Listed records:
═══

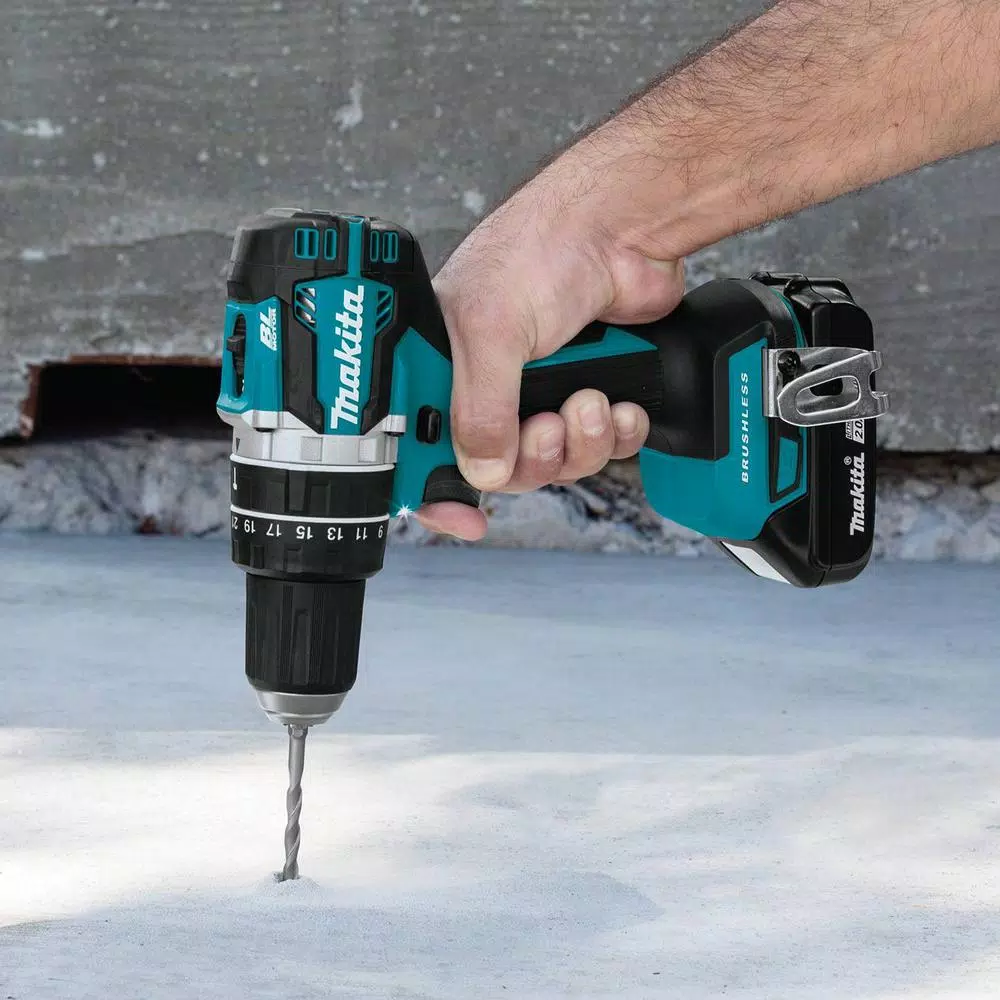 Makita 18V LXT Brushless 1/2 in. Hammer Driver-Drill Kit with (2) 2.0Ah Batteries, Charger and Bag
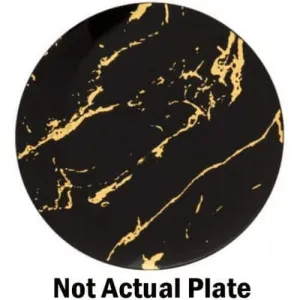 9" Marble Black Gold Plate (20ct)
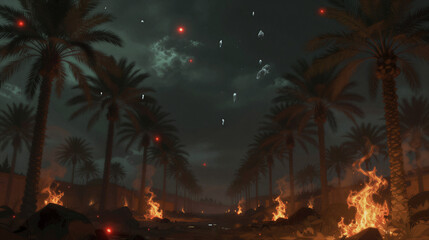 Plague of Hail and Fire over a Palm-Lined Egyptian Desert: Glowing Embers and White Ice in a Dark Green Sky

═══

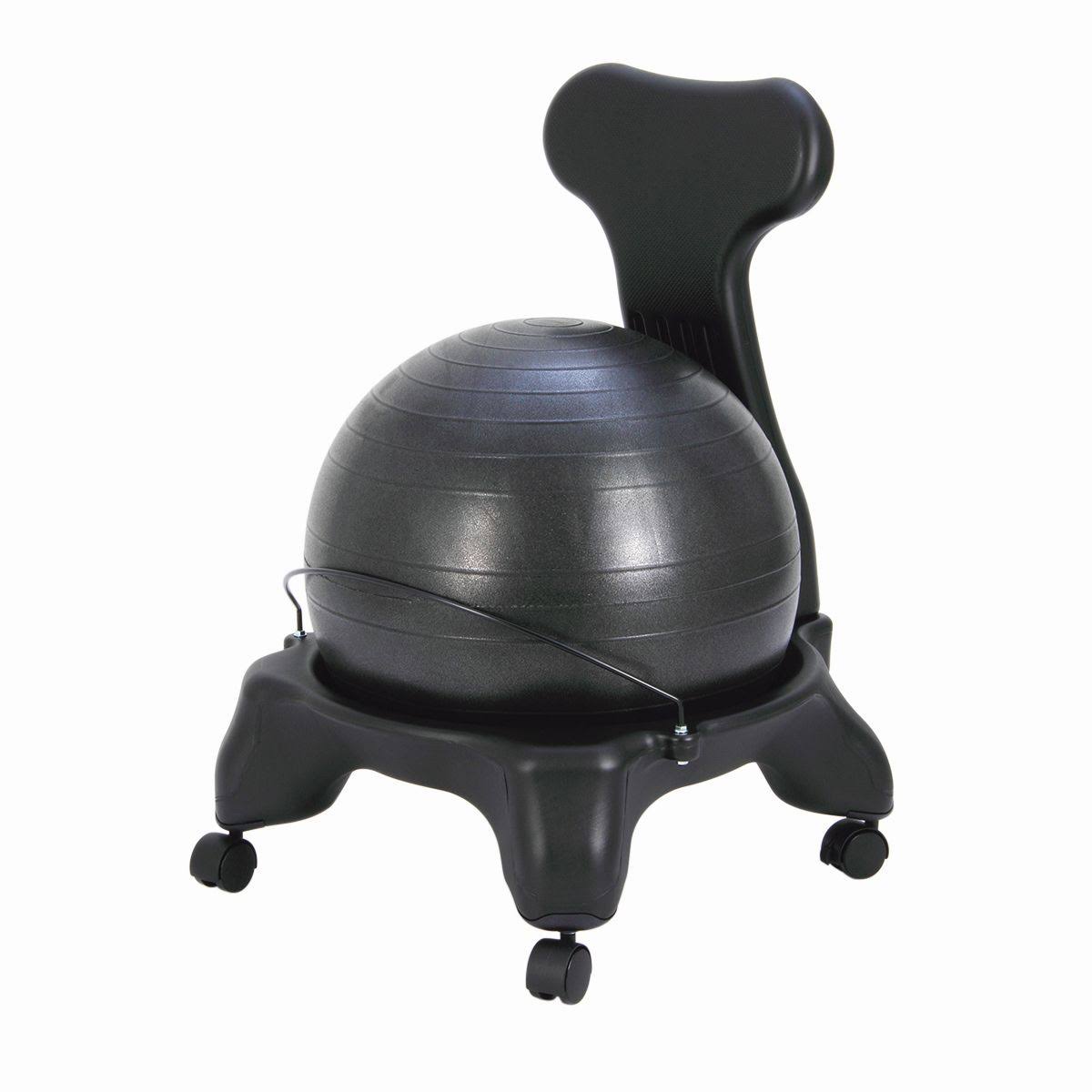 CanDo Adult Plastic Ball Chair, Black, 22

═══

Your instructions: While skipping the pictures, transcribe the data above from the line showing "Makita 18V LXT" through the line showing "Plague of Hail", exactly and with both ends.

Response area:
 Makita 18V LXT Brushless 1/2 in. Hammer Driver-Drill Kit with (2) 2.0Ah Batteries, Charger and Bag
 9" Marble Black Gold Plate (20ct)
 Plague of Hail and Fire over a Palm-Lined Egyptian Desert: Glowing Embers and White Ice in a Dark Green Sky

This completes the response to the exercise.